PLAN OF DISTRIBUTION

        The selling stockholders, which term includes their transferees, pledgees or donees or their successors-in-interest, may sell the shares being offered from time to time in one or more transactions:

    on the NASDAQ Capital Market or otherwise;

    in ordinary brokers' transactions, which may include long or short sales;

    in transactions involving cross or block trades or otherwise in the over-the-counter market;

    through broker-dealers, who may act as agents or principals;

    in "at the market" offerings to or through market makers into an existing market for the shares;

    in other ways not involving market makers or established markets, including direct sales to purchasers in negotiated transactions;

    through a bidding or auction process;

    through one or more underwriters on a firm commitment or best efforts basis;

    through the writing of options, swaps or other derivatives, whether listed on an exchange or otherwise; or

    through a combination of such methods of sale or by any other legally available means.

        In addition, subject to compliance with applicable law, the selling stockholders may enter into option, derivative or hedging transactions with broker-dealers who may engage in short sales of common stock in the course of hedging the positions they assume with the selling stockholders, and any related offers or sales of shares may be made under this prospectus. In some circumstances, for example, the selling stockholders may write call options, put options or other derivative instruments with respect to the shares, which they settle through delivery of the shares. These option, derivative and hedging transactions may require the delivery to a broker, dealer or other financial institution of shares offered under this prospectus, and that broker, dealer or other financial institution may resell those shares under this prospectus.

14


        The selling stockholders may sell the shares at market prices prevailing at the time of sale, at prices related to those market prices, at negotiated prices or at fixed prices, which may be changed from time to time. The selling stockholders also may sell the shares pursuant to Rule 144 or other available exemptions adopted under the Securities Act. The selling stockholders may effect transactions by selling shares directly to purchasers or to or through broker-dealers. The broker-dealers may act as agents or principals. Broker-dealers, underwriters or agents may receive compensation in the form of discounts, concessions or commissions from the selling stockholders or the purchasers of the shares, or both. The compensation of any particular broker-dealer, underwriter or agent may be in excess of customary commissions. Any commissions received by them and any profit on the resale of shares may be deemed to be underwriting compensation. Because the selling stockholders and broker-dealers that participate with the selling stockholders in the distribution of shares may be deemed to be "underwriters" within the meaning of Section 2(11) of the Securities Act, the selling stockholders may be subject to the prospectus delivery requirements of the Securities Act.

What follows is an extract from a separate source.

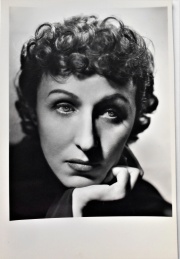 HEINRICH ANNEMARIE, fotografa de la actriz BERTA SINGERMAN, circa 1938, Mide 11 x 17 cm.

        The selling stockholders may donate, pledge or otherwise transfer their shares in a non-sale related transaction to any person so long as the transfer complies with applicable securities laws. As a result, donees, pledgees, transferees and other successors in interest that receive such shares as a gift, distribution or other non-sale related transfer may offer shares of common stock under this prospectus.

        The selling stockholders have advised us that they have not entered into any agreements, understandings or arrangements with any underwriters or broker-dealers regarding the sale of their securities. There is no underwriter or coordinating broker acting in connection with the proposed sale of shares by the selling stockholders.

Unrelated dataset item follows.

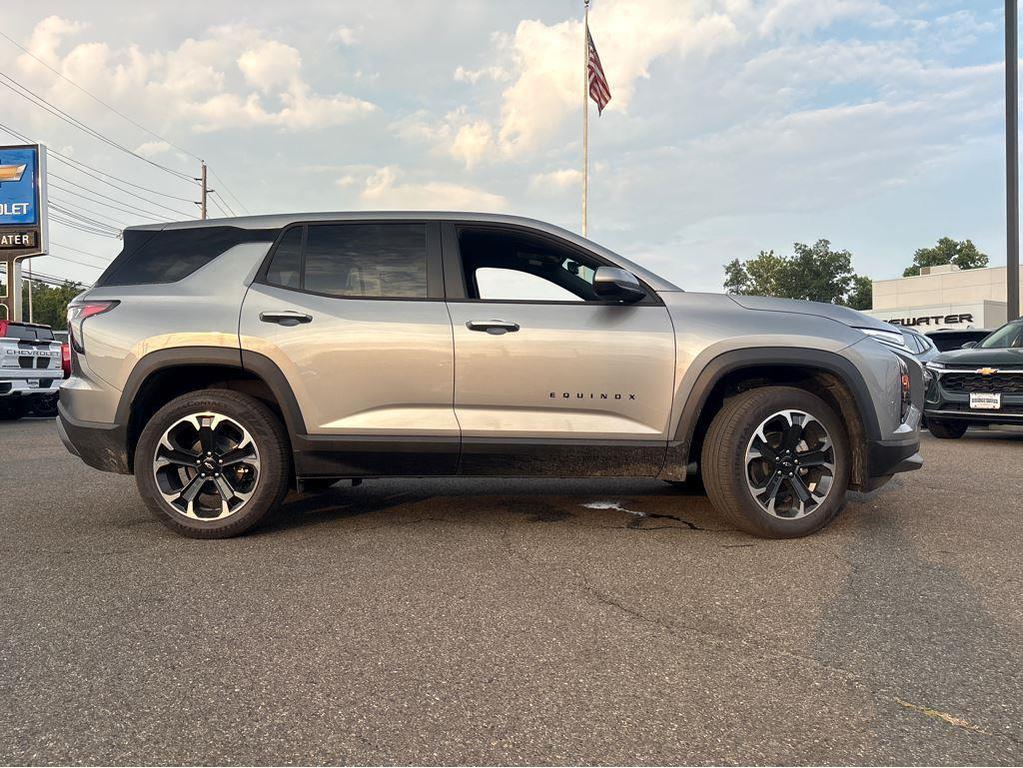 new 2026 Chevrolet Equinox car, priced at $33,070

        The shares will be sold through registered or licensed brokers or dealers if required under applicable state securities laws. In addition, in certain states the shares may not be sold unless they have been registered or qualified for sale in the applicable state or an exemption from the registration or qualification requirement is available and is complied with.

        Under applicable rules and regulations under the Exchange Act, any person engaged in the distribution of the shares may not simultaneously engage in market making activities with respect to our common stock for a period of two business days prior to the commencement of such distribution. In addition, each selling stockholder will be subject to applicable provisions of the Exchange Act and the associated rules and regulations under the Exchange Act, including Regulation M, which provisions may limit the timing of purchases and sales of shares of our common stock by the selling stockholders. Certain persons participating in an offering may engage in over-allotment, stabilizing transactions, short-covering transactions and penalty bids in accordance with Regulation M under the Exchange Act that stabilize, maintain or otherwise affect the price of the offered securities. If any such activities may occur, they will be described in the applicable prospectus supplement or a document incorporated by reference to the extent required. We will make copies of this prospectus available to the selling stockholders and have informed them that if they are deemed to be an underwriter, they will need to deliver copies of this prospectus to purchasers at or prior to the time of any sale of the shares.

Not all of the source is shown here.